Solr’s Collapse and Expand feature is newer and mostly overlaps with Result Grouping. There are features unique to both, and they have different performance characteristics. That said, in most cases Collapse and Expand is preferable to Result Grouping.

Result Grouping is separate from Faceting. Though it is conceptually similar, faceting returns all relevant results and allows the user to refine the results based on the facet category. For example, if you search for "shoes" on a footwear retailer’s e-commerce site, Solr would return all results for that query term, along with selectable facets such as "size," "color," "brand," and so on.

You can however combine grouping with faceting. Grouped faceting supports facet.field and facet.range but currently doesn’t support date and pivot faceting. The facet counts are computed based on the first group.field parameter, and other group.field parameters are ignored.

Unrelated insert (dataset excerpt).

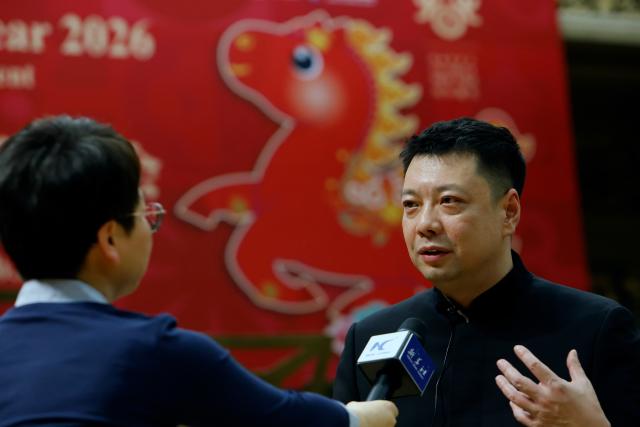 (260212) -- BUCHAREST, Feb. 12, 2026 (Xinhua) -- Sun Peng, music director and principal conductor of the Wuxi Chinese Orchestra, speaks during an interview with Xinhua after the "Happy Chinese New Year" concert in Bucharest, Romania, Feb. 10, 2026.
  TO GO WITH "Chinese, Romanian musicians share stage to welcome Year of the Horse" (Photo by Cristian Cristel/Xinhua)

Grouped faceting differs from non grouped facets (sum of all facets) == (total of products with that property) as shown in the following example:

Object 1

  • name: Phaser 4620a

  • ppm: 62

  • product_range: 6

Object 2

  • name: Phaser 4620i

  • ppm: 65

  • product_range: 6

Object 3

  • name: ML6512

  • ppm: 62

  • product_range: 7

If you ask Solr to group these documents by "product_range", then the total amount of groups is 2, but the facets for ppm are 2 for 62 and 1 for 65.

Grouping Parameters

Result Grouping takes the following request parameters. Any number of these request parameters can be included in a single request:

group

If true, query results will be grouped.

group.field

The name of the field by which to group results. The field must be single-valued, and either be indexed or a field type that has a value source and works in a function query, such as ExternalFileField. It must also be a string-based field, such as StrField or TextField

group.func

Group based on the unique values of a function query.

Note
This option does not work with distributed searches.
group.query

Return a single group of documents that match the given query.

rows

The number of groups to return. The default value is 10.

start

Specifies an initial offset for the list of groups.

group.limit

Specifies the number of results to return for each group. The default value is 1.

group.offset

Specifies an initial offset for the document list of each group.

sort

Specifies how Solr sorts the groups relative to each other. For example, sort=popularity desc will cause the groups to be sorted according to the highest popularity document in each group. The default value is score desc.

group.sort

Specifies how Solr sorts documents within each group. The default behavior if group.sort is not specified is to use the same effective value as the sort parameter.

group.format

If this parameter is set to simple, the grouped documents are presented in a single flat list, and the start and rows parameters affect the numbers of documents instead of groups. An alternate value for this parameter is grouped.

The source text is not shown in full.